Wednesday, August 6, 2008


Tea: Genmaicha
Vendor: Dragonwater Tea
Price: $6.00 / 4oz.
Source: Japan
Vendor Description: Genmai-cha Tea. A famous blend of Japanese green tea and brown rice.

This is a specialty Japanese green tea that is blended with fire-toasted rice. A good grade Japan sencha is blended with the toasted rice. The fresh vegetative character of the green tea is imparted on the cup but it is tempered with the bakey-like character of the rice. There is a natural sweetness and almost chewy character to the finish of this tea. During the firing of the rice, it is not uncommon for rice to ‘pop’ not unlike popcorn, hence the pet name ‘popcorn-tea’

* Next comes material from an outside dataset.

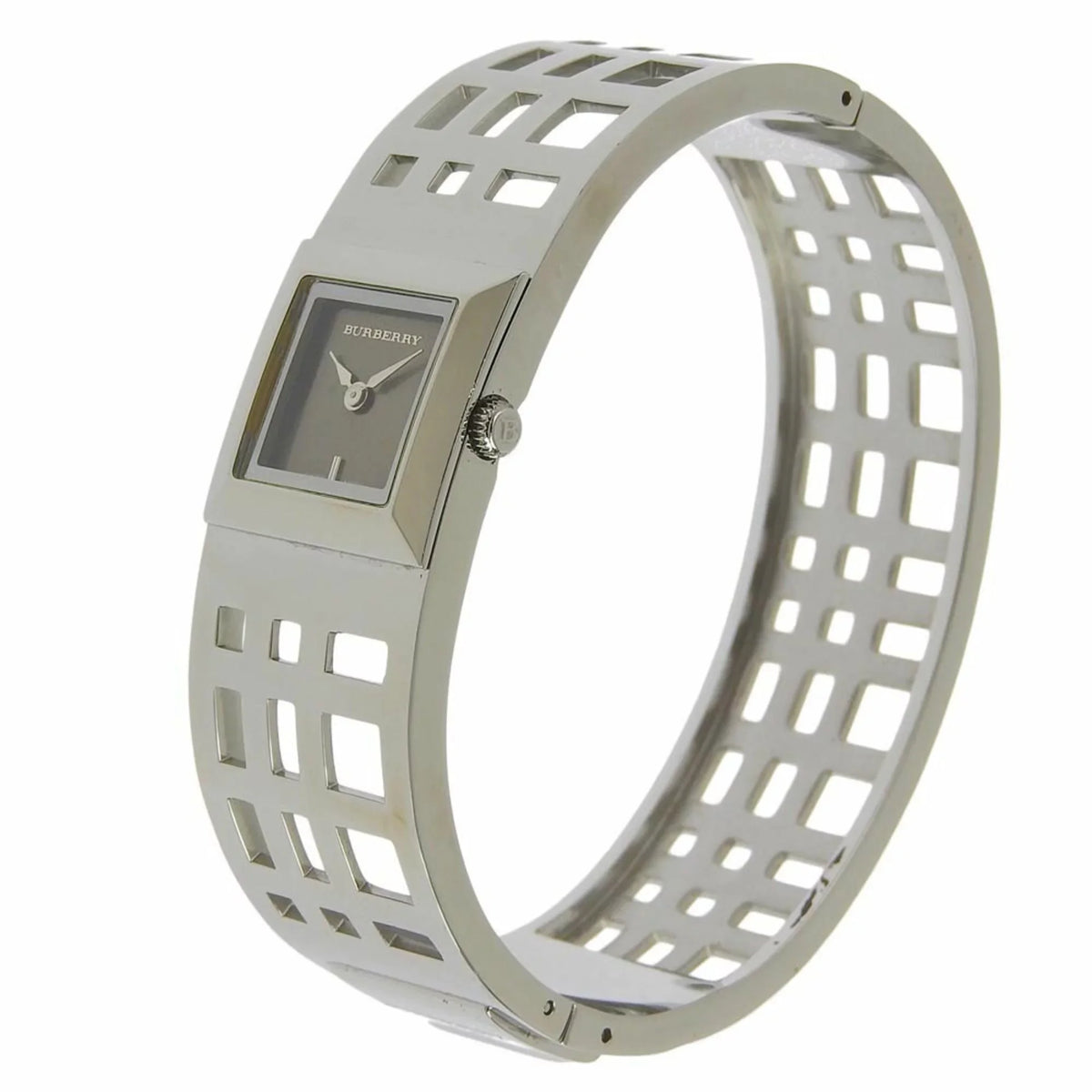 Brown Steel BU4701 Display BURBERRY Ladies Analog Heritage (Fair) Dial Pre-Owned Burberry Quartz Silver Bangle Stainless Watch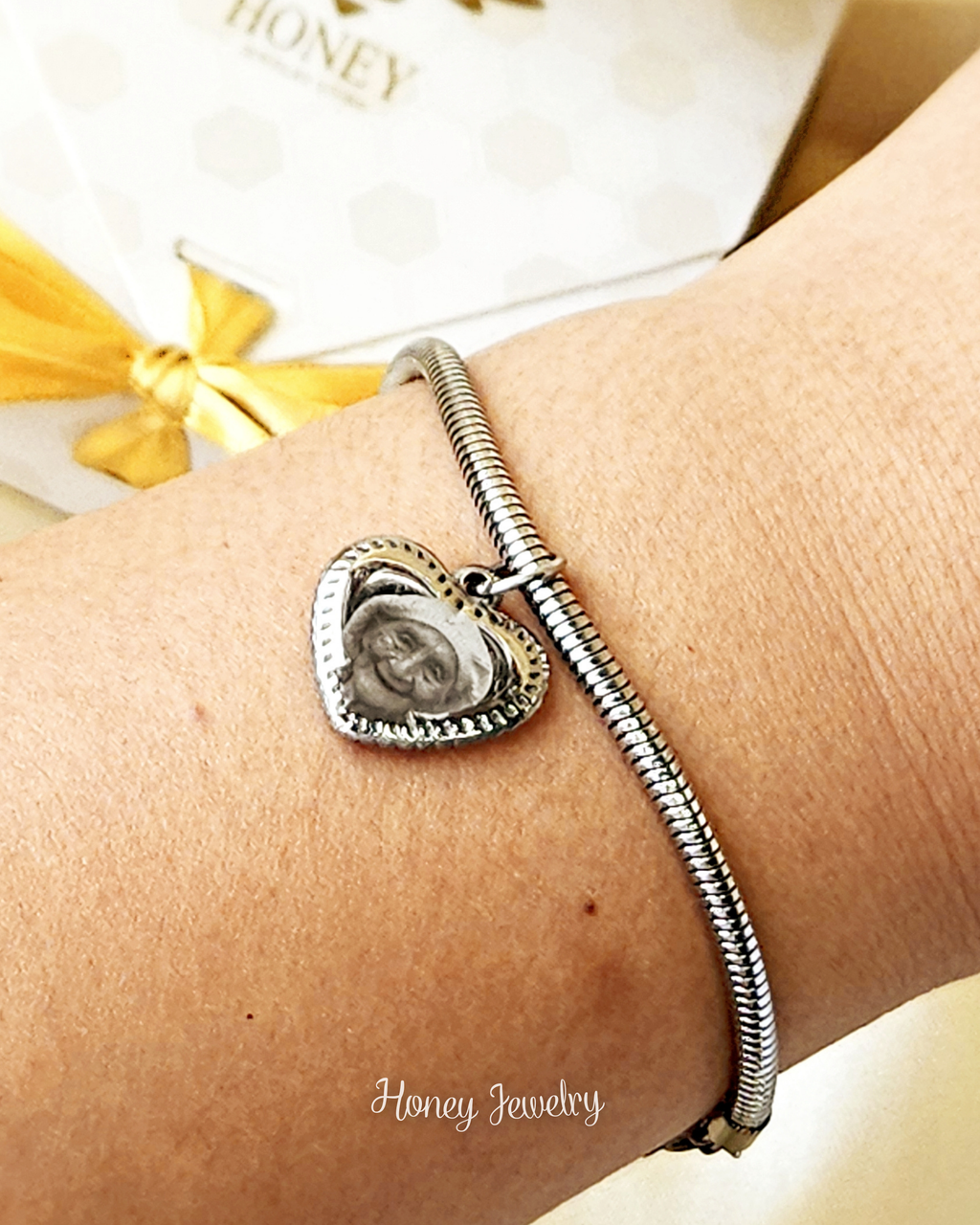 Pandora-style photo-engraved bracelet + heart charm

Legend has it that during the 1400’s an important samurai warlord in Hakone on the Izu Peninsula of Honshu Island (the Izu Peninsula is near the Shizuoka area) was having tea in the morning discussing a battle strategy with his patrol leaders. A servant by the name of Genamai was serving hot tea to the group. Leaning over to give tea to the warlord, rice that he had surreptitiously taken for a morning snack fell out of his pocket into the steaming hot tea. Some popped upon hitting the hot tea. The warlord was incensed, jumped up brandishing his samurai sword he promptly cut of Genamai’s head in one fell swoop. He then sat down to continue the meeting. Despite the fact that the tea had been tarnished he drank it anyway. The flavor was very unique and he enjoyed it tremendously. In honor of poor Genamai he pronounced that this rice and tea be served every morning and be called ‘Genmaicha’ (cha being the name of ‘tea’ in Japanese).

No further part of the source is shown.